Thursday, February 28, 2013

Bad statistics in high impact journals

Better Journals… Worse Statistics? : Neuroskeptic

In the linked blog entry, Neuroskeptic notes that high impact journals often have fewer statistical details than other journals. The research reported in these journals is often heavily amended, if not outright contradicted, by later research. I don't think this is nefarious, though, nor is it worthless. The kind of work reported in Science and Nature, for instance, generates interest and, therefore, more scrutiny (funding, studies, theses, etc.).

But as with all other research, if statistical details are included it might direct subsequent research in these topics a bit better.

Wednesday, February 20, 2013

The burst of the Big Data bubble, and do we need the hype, anyway?
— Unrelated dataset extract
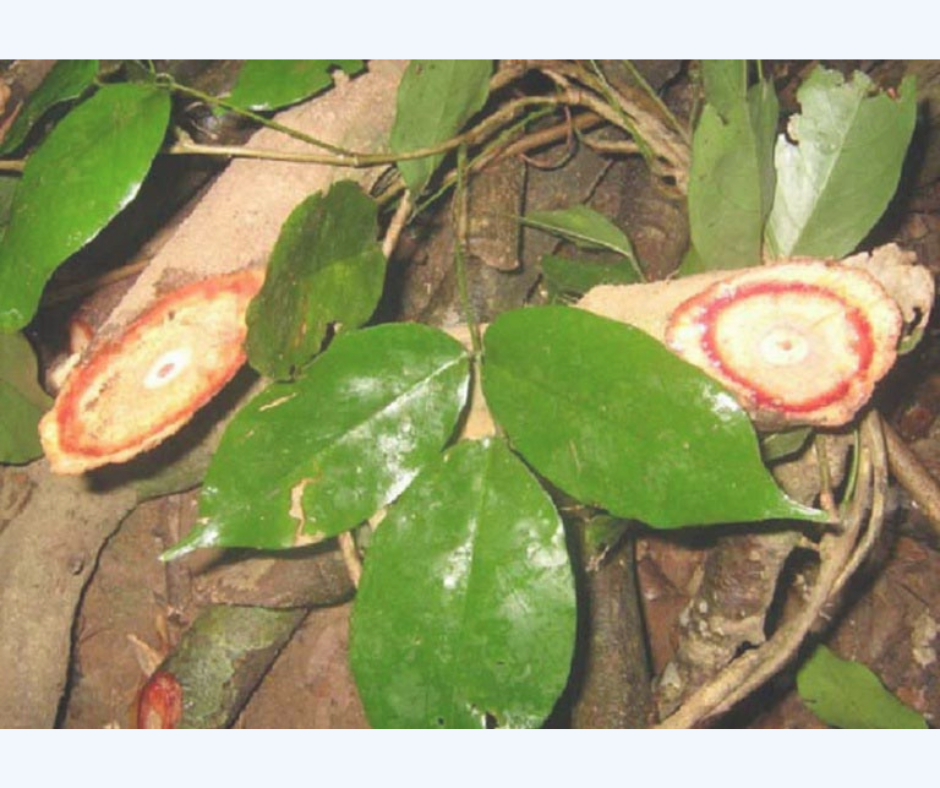 Cây cỏ máu (kê huyết đằng)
So, now I'm seeing some buzz over Twitter that the Big Data disillusionment is starting now. Frankly, I've been wondering when this would happen. Of course, the next stage involves making strategic investments in Big Data resources, and having these resources quietly being used effectively, at least if Big Data follows technologies such as neural networks, Java, etc. So the theory goes, all surviving technologies follow a pattern of hype, disillusionment, and then quiet acceptance.

Did we really need this period of hype? I can understand companies hype up a technology to maintain interest while they try to make their offerings mature, and overhyping usually leads to disillusionment, but I wonder if there is a different path. R, Python, and some other open projects seem to have flattened the hype hill and disillusionment valley, probably because the larger number of people hacking the inside generates its own interest and maturity mechanism.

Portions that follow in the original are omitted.